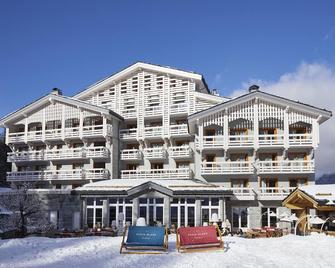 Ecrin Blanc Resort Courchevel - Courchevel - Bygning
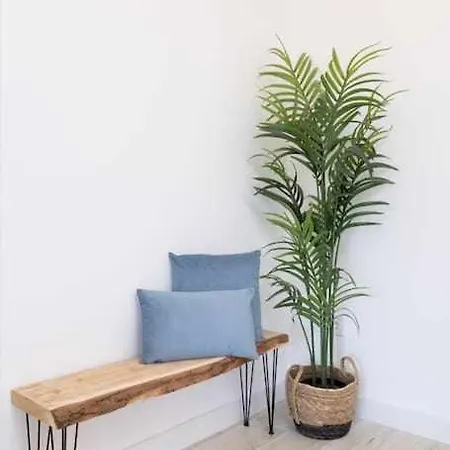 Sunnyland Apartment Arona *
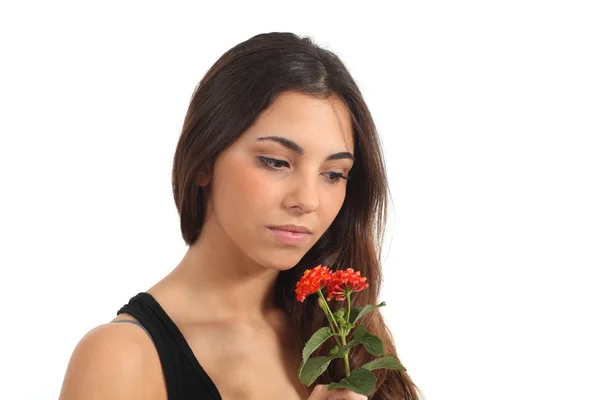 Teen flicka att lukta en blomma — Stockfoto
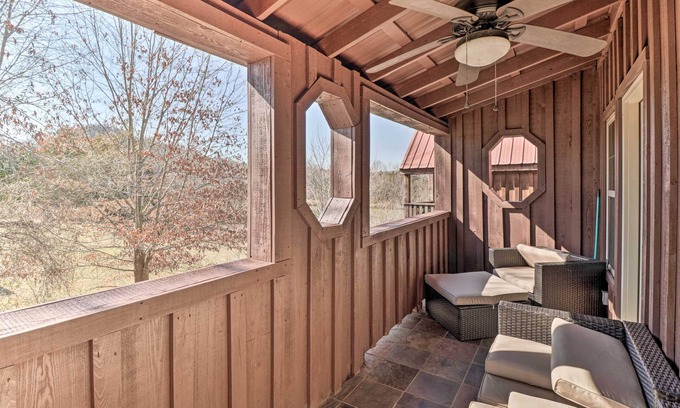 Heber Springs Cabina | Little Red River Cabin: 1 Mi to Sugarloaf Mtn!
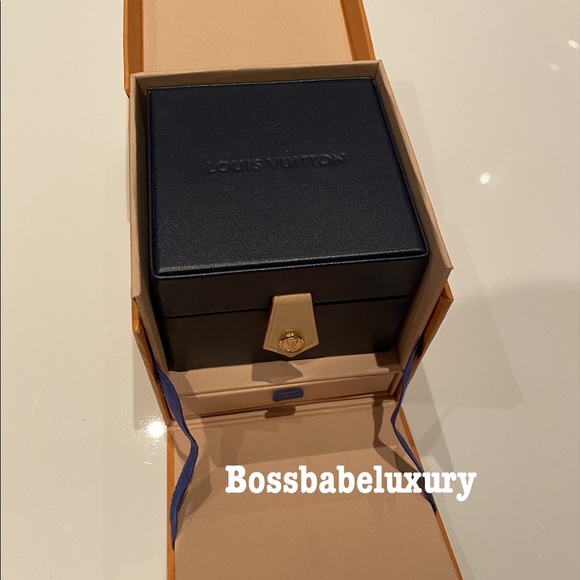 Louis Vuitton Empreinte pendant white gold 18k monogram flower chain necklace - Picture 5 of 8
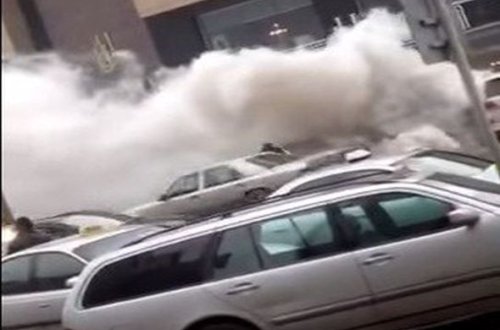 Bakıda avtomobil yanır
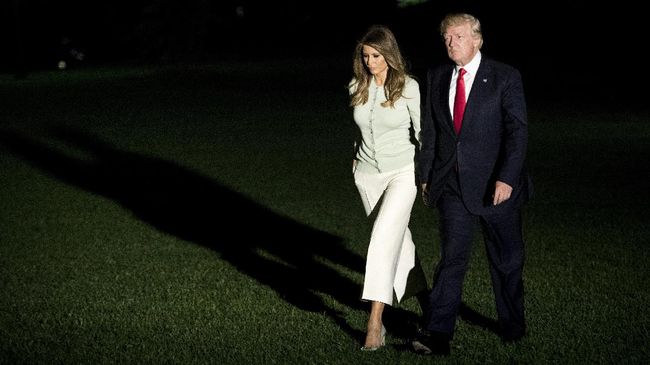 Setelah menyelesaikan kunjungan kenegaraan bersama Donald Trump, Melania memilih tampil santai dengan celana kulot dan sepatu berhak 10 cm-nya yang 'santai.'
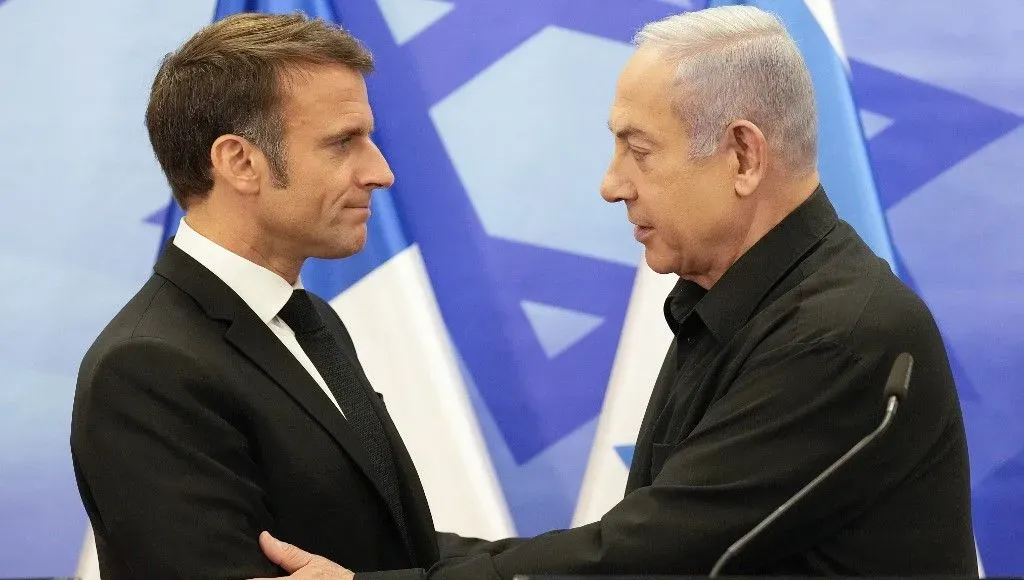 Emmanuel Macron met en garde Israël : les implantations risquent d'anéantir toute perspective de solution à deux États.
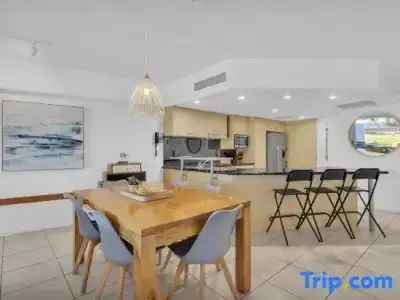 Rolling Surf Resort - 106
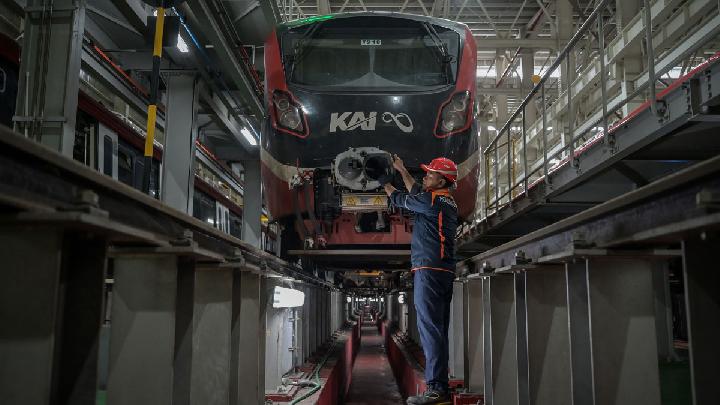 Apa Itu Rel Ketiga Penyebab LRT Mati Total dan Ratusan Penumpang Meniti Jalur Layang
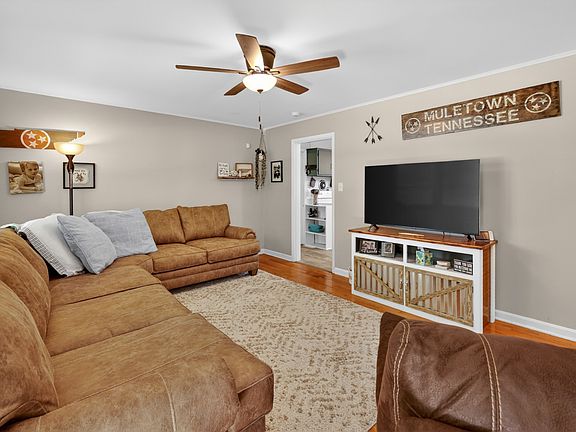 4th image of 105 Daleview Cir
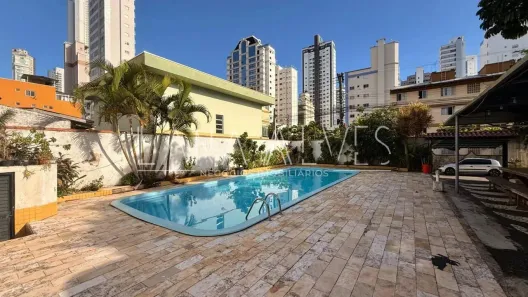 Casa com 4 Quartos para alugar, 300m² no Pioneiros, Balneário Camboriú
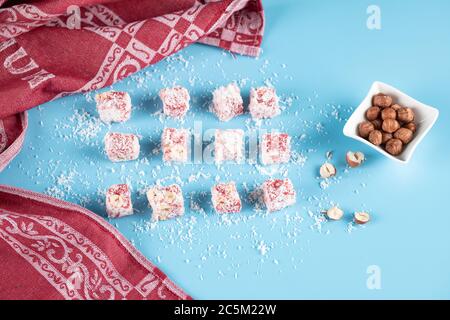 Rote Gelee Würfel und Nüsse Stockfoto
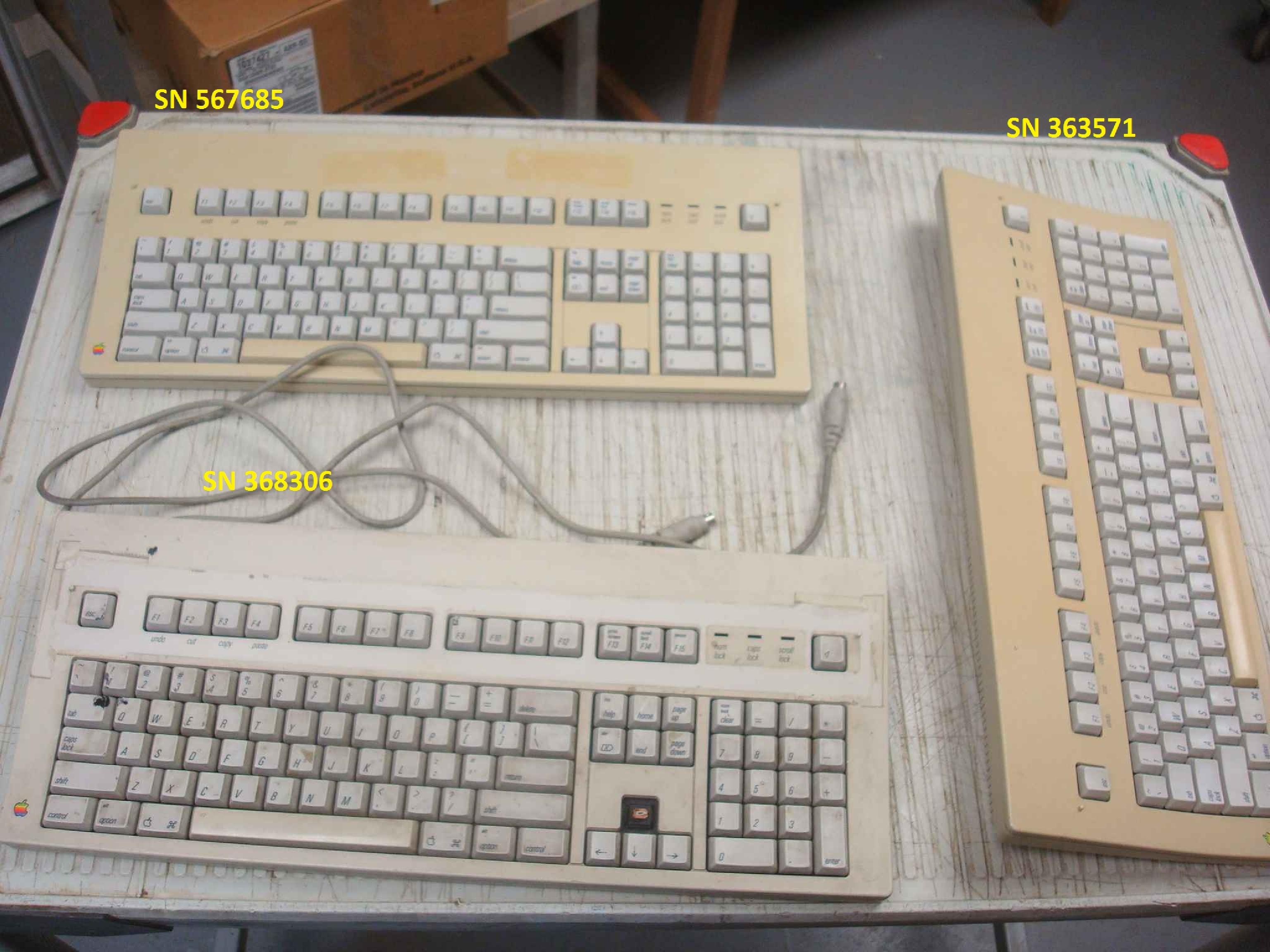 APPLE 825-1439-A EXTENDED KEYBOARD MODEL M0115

BRIEF » With the pictures left out, write out exactly the lines above from the one containing "Heber Springs Cabina" through the one containing "Emmanuel Macron met".

SOLUTION TO THIS EXERCISE »
 Heber Springs Cabina | Little Red River Cabin: 1 Mi to Sugarloaf Mtn!
 Louis Vuitton Empreinte pendant white gold 18k monogram flower chain necklace - Picture 5 of 8
 Bakıda avtomobil yanır
 Setelah menyelesaikan kunjungan kenegaraan bersama Donald Trump, Melania memilih tampil santai dengan celana kulot dan sepatu berhak 10 cm-nya yang 'santai.'
 Emmanuel Macron met en garde Israël : les implantations risquent d'anéantir toute perspective de solution à deux États.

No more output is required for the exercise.